Computational Analysis of Police Body-Worn Camera Footage
Research Question: What happens during police-civilian interactions? This ongoing work seeks to develop computational methods to automatically generate summaries of police-civilian interactions captured by body-worn cameras. Decades of policing research have relied on self-reported accounts of police-civilian interactions written by police officers. Body-worn camera footage represents a valuable source of data that has gone largely unused due to the time and cost needed to manually review thousands of hours of footage. Our automated system will streamline this process and offer a new data source to study classic questions relating to police oversight, the dynamics of violent escalation, and racial bias in policing.
Data: Body-worn camera footage from the Chicago Police Department (made publicly available by the Chicago Office of Police Accountability); body-worn camera footage from two municipal police agencies acquired through data sharing agreements; body-worn camera footage from additional agencies once an alpha version of the automated system is operational.
Methods: The first step is developing and deploying efficient audio and video annotation interfaces. The interface allows for rapid spatio-temporal coding of key activities in the video, partially automating the process to minimize required human intervention.
The second step is designing and training computer vision and speech analysis models that are able to learn from the data and automatically recognize target activities in new videos. This allows for extracting timelines of key events from videos on an unprecedented scale.

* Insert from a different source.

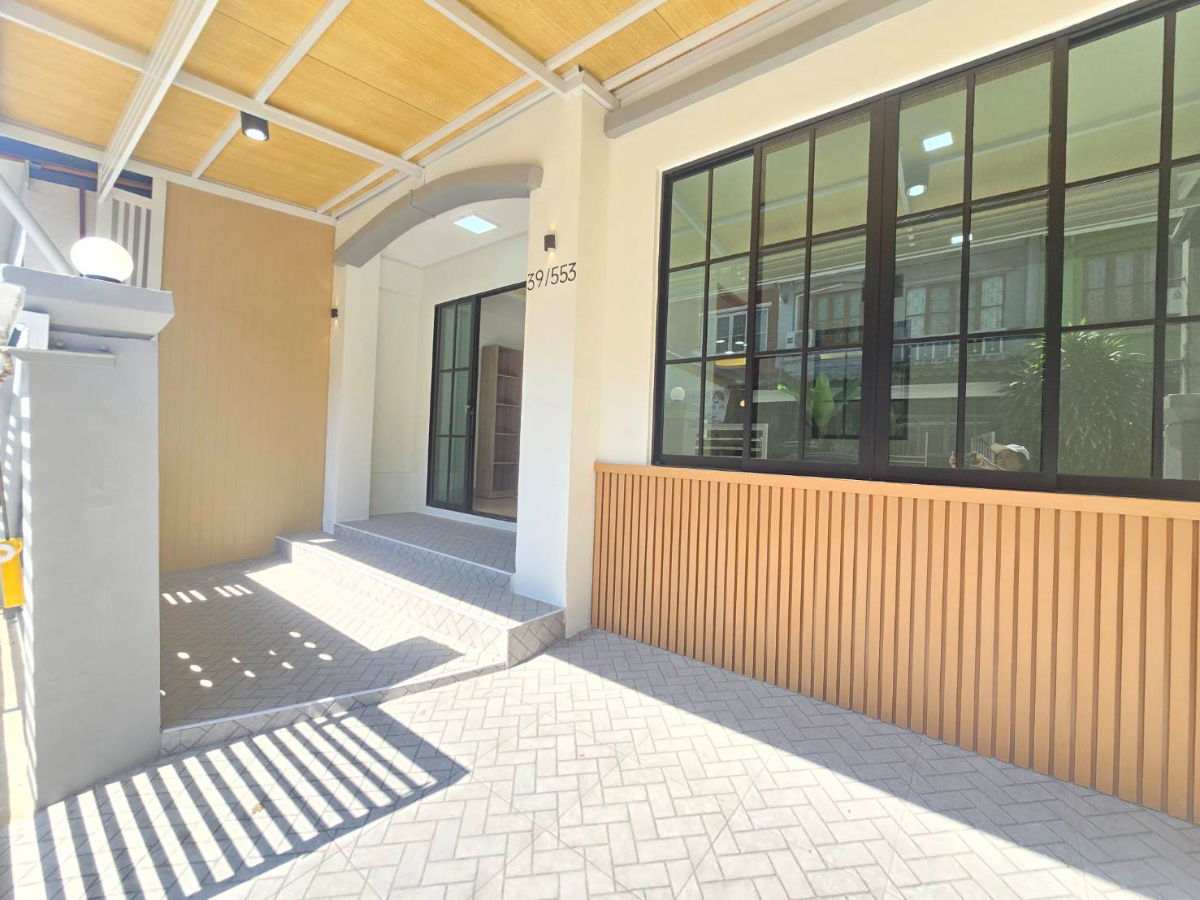 รูป ทาวน์เฮ้าส์ รีโนเวทใหม่ ทำเลดี พร้อมเฟอร์ฯ หมู่บ้าน บุศรินทร์-รามอินทรา ถนนพระยาสุเรนทร์ 40 คลองสามวา - รูปที่ 5/28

The third step is computational analysis of the extracted timelines. Long Short Term Memory (LSTM) recurrent neural networks, which are well suited for analyzing path-dependent sequence data, will be used to extract patterns of vocal and physical actions and reactions.
A number of planned extensions build on these preliminary technical stages, including field tests of the system in randomized controlled trials to measure impact in the supervisory process within police agencies.
Challenges: Modern computer vision activity understanding systems are developed primarily for third person views, making the egocentric body-worn camera footage particularly challenging for existing models. The target events to be detected require an understanding of fine-grained activities in noisy environments through an egocentric viewpoint, and further require multi-modal reasoning through integration of audio, language and visual cues. In addition, obtaining manual annotations of real-world police data is challenging not only due to the sheer scale of the data but also due to the need to minimize potential adverse mental health effects on the annotators.